Report how many lines contain the word "large" in the listing that follows. Give nothing besides the number.

SUPPLIED MATERIAL »
[Start of Attachment]
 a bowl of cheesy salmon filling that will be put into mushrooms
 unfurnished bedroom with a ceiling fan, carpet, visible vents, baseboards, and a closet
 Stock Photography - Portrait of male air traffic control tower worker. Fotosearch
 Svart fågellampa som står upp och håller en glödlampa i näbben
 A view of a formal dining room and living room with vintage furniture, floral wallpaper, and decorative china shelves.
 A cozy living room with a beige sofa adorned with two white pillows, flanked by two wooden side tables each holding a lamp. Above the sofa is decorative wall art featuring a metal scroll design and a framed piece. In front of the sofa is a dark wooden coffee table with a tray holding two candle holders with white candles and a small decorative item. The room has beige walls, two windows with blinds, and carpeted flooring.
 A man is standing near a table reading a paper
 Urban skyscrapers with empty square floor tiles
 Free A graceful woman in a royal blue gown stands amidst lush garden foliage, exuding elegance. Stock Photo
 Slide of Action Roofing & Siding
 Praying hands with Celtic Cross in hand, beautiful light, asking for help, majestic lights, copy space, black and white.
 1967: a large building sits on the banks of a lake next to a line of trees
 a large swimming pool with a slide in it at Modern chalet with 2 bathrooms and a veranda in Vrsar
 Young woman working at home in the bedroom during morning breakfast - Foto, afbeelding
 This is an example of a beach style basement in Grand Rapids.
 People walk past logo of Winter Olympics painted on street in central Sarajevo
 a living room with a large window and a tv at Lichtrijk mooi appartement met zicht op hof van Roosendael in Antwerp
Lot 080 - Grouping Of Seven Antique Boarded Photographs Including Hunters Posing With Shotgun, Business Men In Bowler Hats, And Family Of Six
[End of Attachment]
RESULT OF THE TASK »
3